Each line from the one holding "240827S-UZUN Kollu,belı Pencereli" through the end of the records should be returned exactly, while pictures are skipped.

Captioned web image data
Content starts

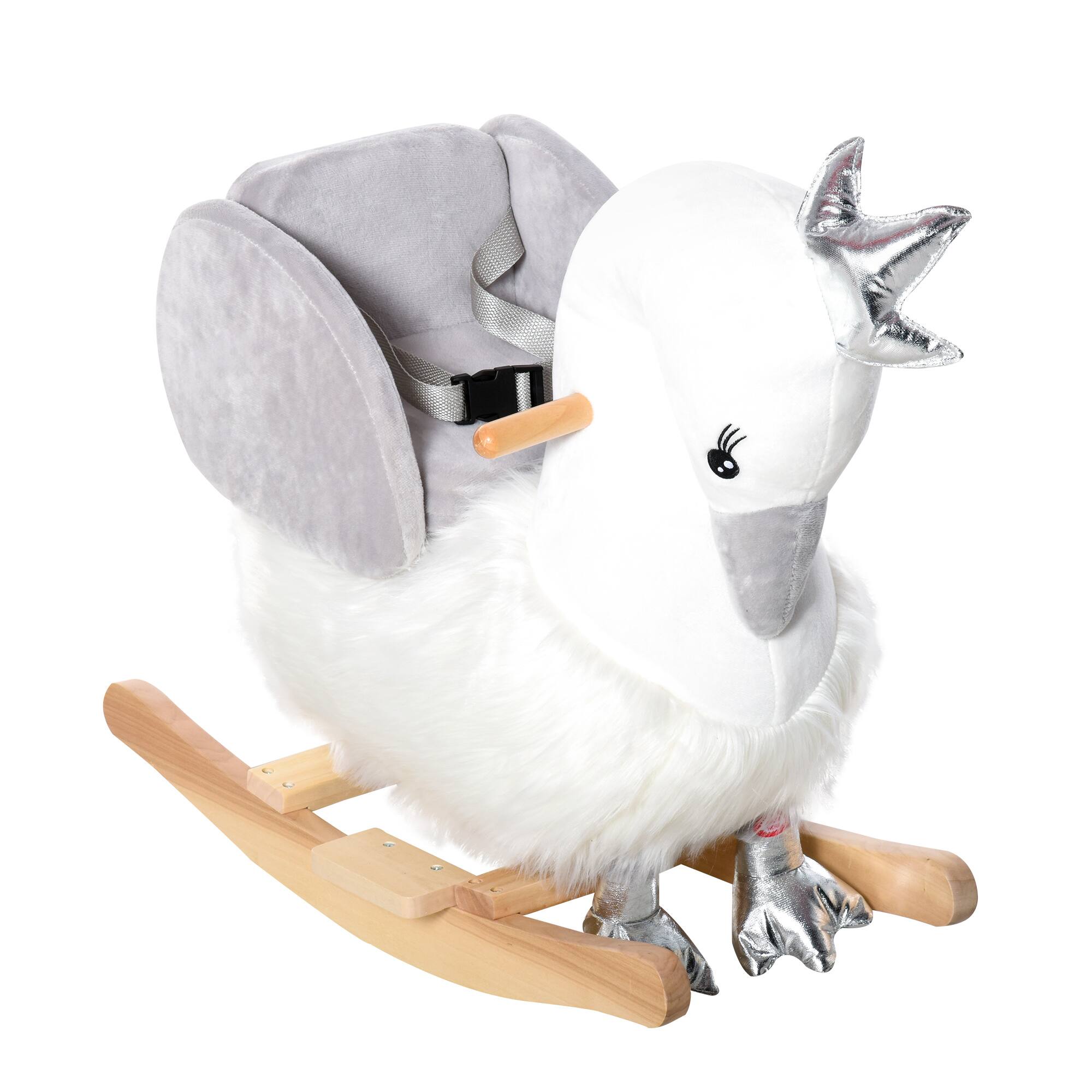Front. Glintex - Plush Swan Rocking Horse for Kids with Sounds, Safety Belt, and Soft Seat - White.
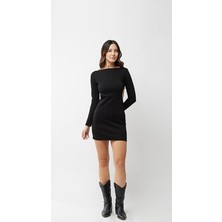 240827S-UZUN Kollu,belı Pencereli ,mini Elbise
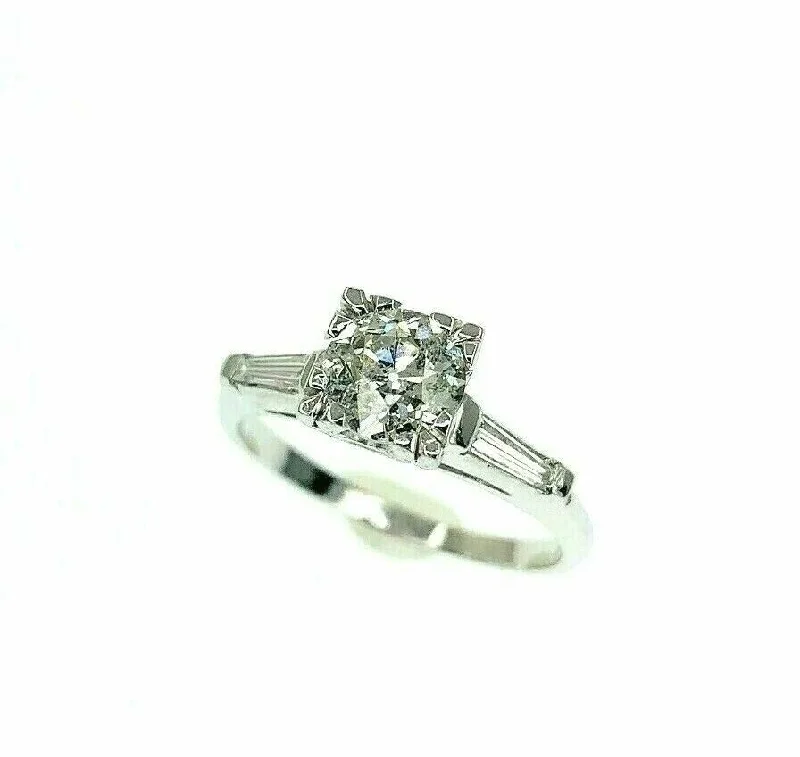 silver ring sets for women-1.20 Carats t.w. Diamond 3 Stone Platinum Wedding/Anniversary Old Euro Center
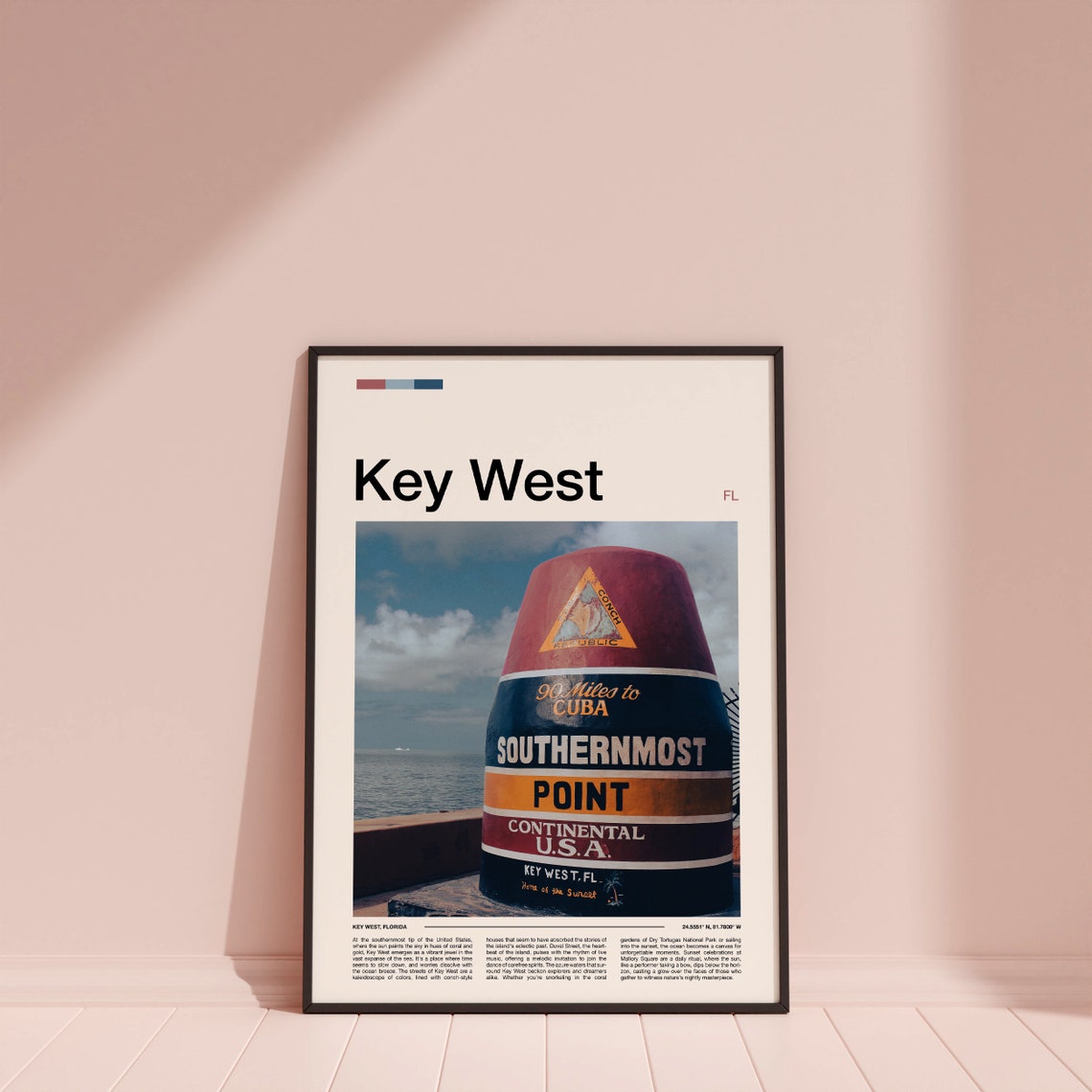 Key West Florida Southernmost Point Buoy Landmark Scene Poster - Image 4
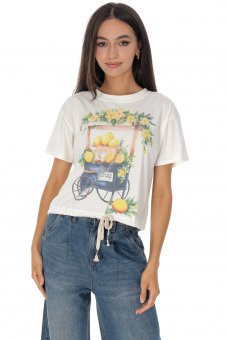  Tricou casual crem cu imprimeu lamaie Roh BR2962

Content ends

■ **Answer to this problem**:
 240827S-UZUN Kollu,belı Pencereli ,mini Elbise
 silver ring sets for women-1.20 Carats t.w. Diamond 3 Stone Platinum Wedding/Anniversary Old Euro Center
 Key West Florida Southernmost Point Buoy Landmark Scene Poster - Image 4
  Tricou casual crem cu imprimeu lamaie Roh BR2962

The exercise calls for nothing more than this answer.